The year that made me fully understand just how crucially important it is for me to let my soul get back behind my work if a new level is to be reached.
I lost focus on “me”, turning it to the technical.
2009 will be the year passion; heart and instinct are all invited (ordered) back in to do what they do best: inspire and push. The year I will act on Oscar Wilde’s brilliantly wise words on being ones self.
My chosen paths unchanged.
They are threefold:
- learning (knowledge is power),
- pushing boundaries (strengthening weaknesses) and
- sharing my findings (inspiring others).
These resolutions are maturing not changing. I will follow them; again. This year passion will lead.
Like with a good wine, the maturing process of becoming a good artist is done in stages: a gentle metamorphosis.
These chosen directions will bring clarity, stability and strength to my work.
They will allow my talent to decant, give me time to separate the rough from the polished.
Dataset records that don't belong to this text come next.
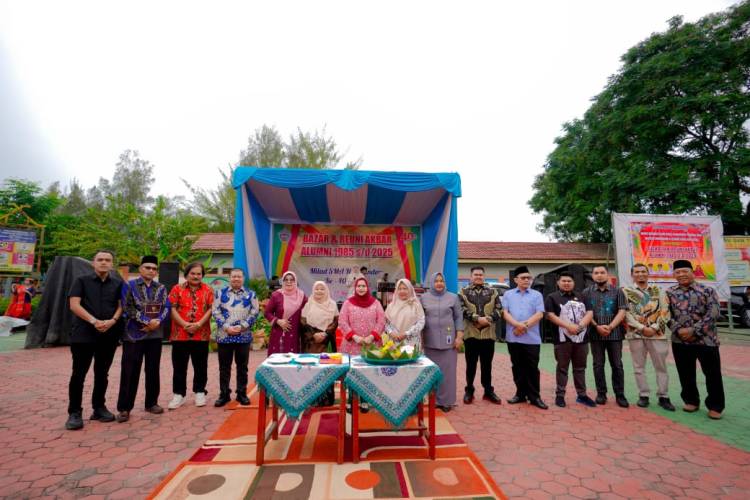 Bupati Kasmarni Hadir di Tengah Keluarga Besar SMAN 2 Mandau, Alumni Diajak Gotong Royong Revitalisasi Sekolah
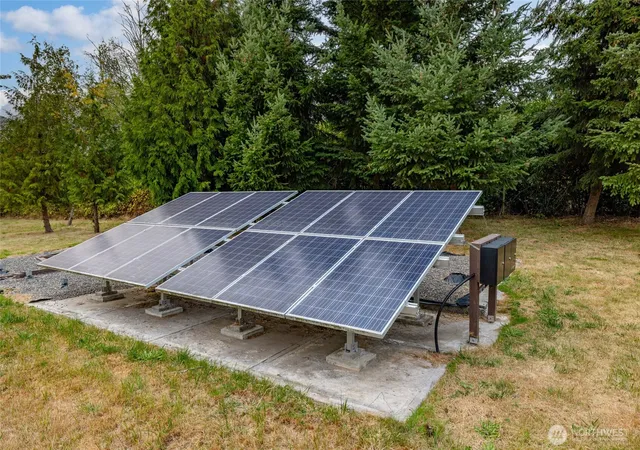 Photo 3 of Single family home for sale at 7017 Yukon Way, Ferndale, WA 98248 | MLS# NWM2557826 | Listing updated on 2026-09-25
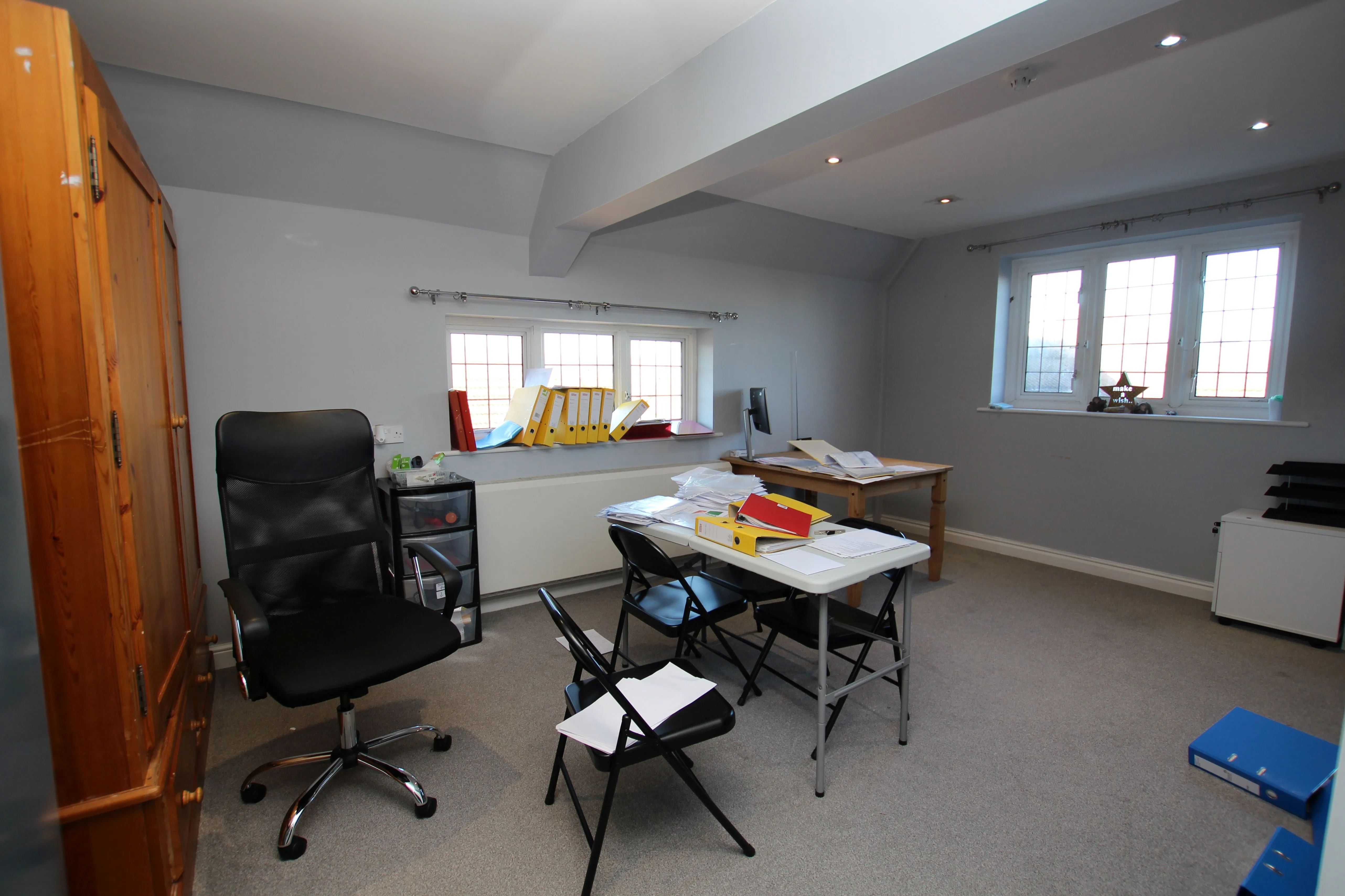 RE DEVELOPMENT OPPORTUNITY: A VACANT DETACHED FORMER CARE HOME APPROX. 12,500 SQ.FT. ON A PLOT OF 0.45 ACRES LOCATED CLOSE TO THE SEAFRONT 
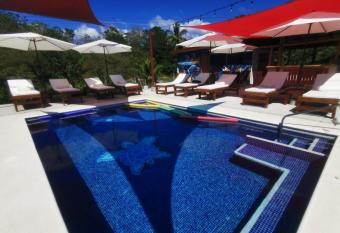 Tuki Tuki Lodge allows 18 year olds to book a room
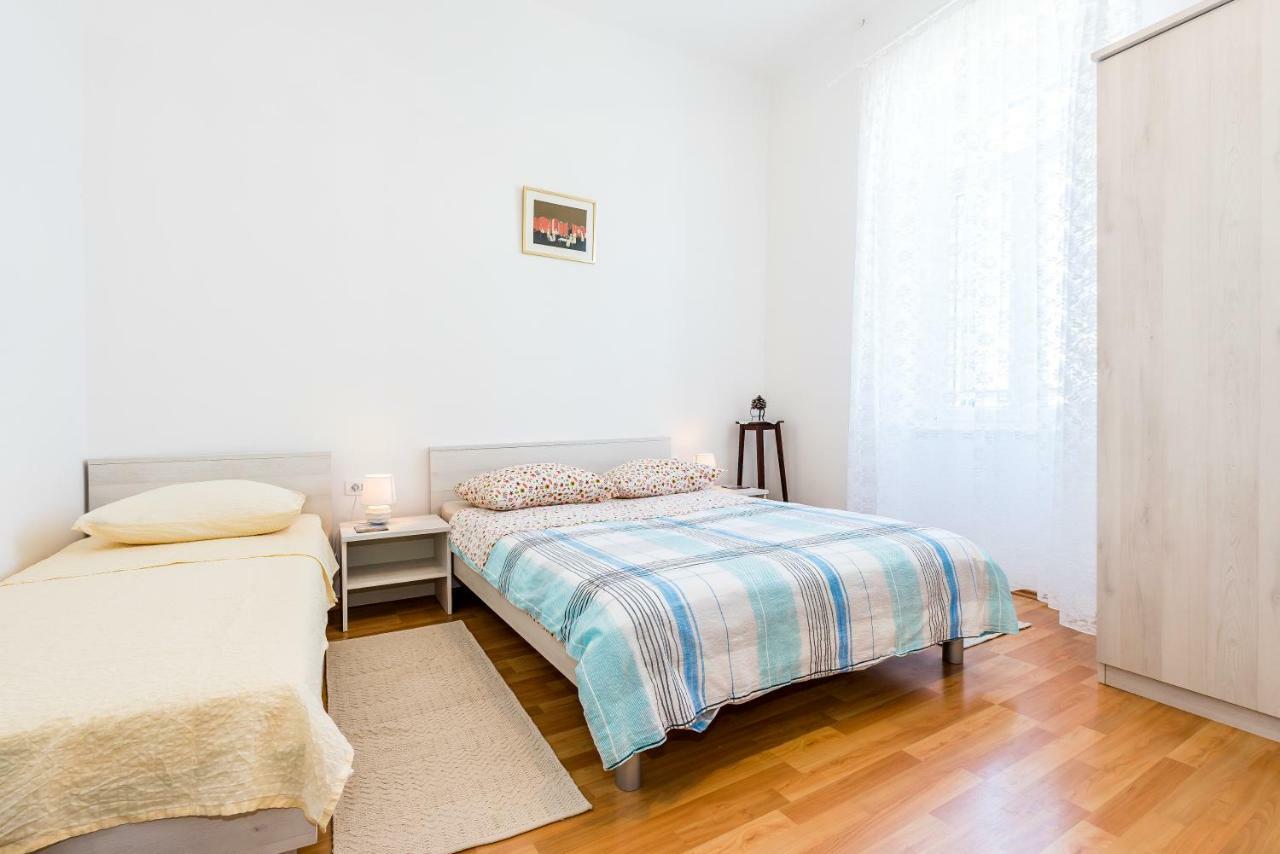 Apartmani Rina Šibenik Esterno foto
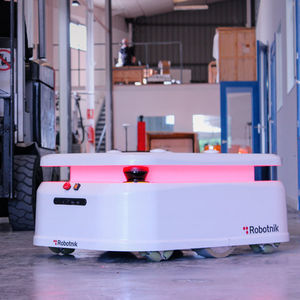 Robot mobile autonomo (AMR) per movimentazione 1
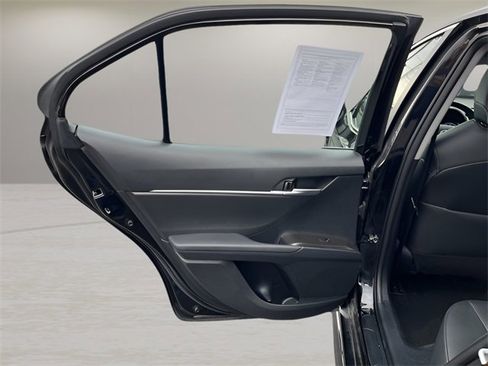 Used 2023 Toyota Camry SE image 25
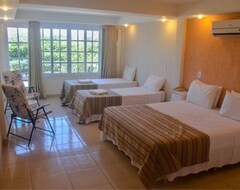 Hotel Residencial Portoveleiro (Cabo Frio, Brasil)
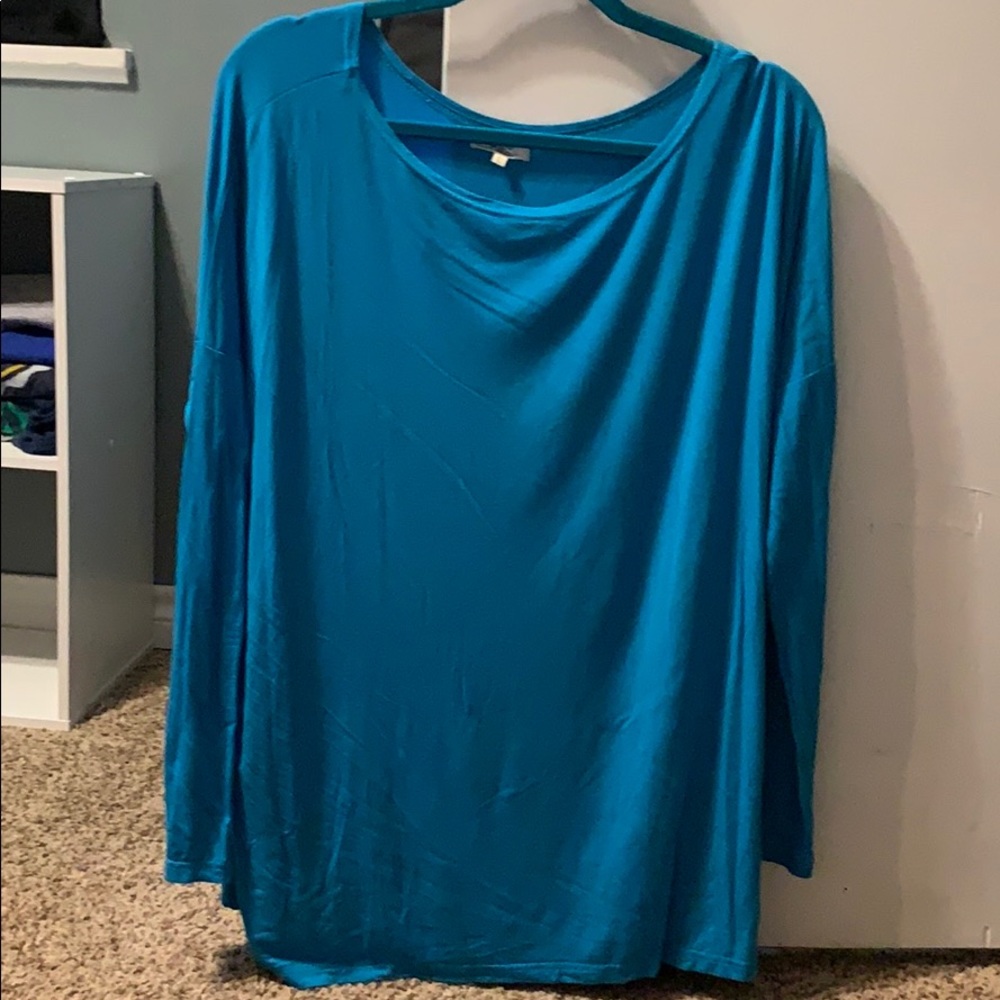 Bright teal pico shirt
They are resolutions I firmly believe in, they are worth the time; they are worth the dedication.
Art is a fragile.
It should not be rushed but allowed to grow in intensity, to develop a bouquet and be … spiced with magic.
Copyright Sheona Hamilton-Grant
Wednesday, 7 January 2009
My highlight of 2008 has to have been asked to be one of four the judges For Art Horse Magazine Ex Arte Equinus art competition. Kathi Peters judged the painting category, Susan Leyland was responsable for the sculpture section and Melanie Snowhite accepted to judge the photography. I was invited to be responsible for judging the Drawing category.
I was honored beyond belief and took the job to heart. I learned a remarkable amount and grew stronger as an artist from looking at and being responsible for judging work of others.
The show was a resounding success and of a high standard.
To make a great show fantastic there is now a book being published (available in February).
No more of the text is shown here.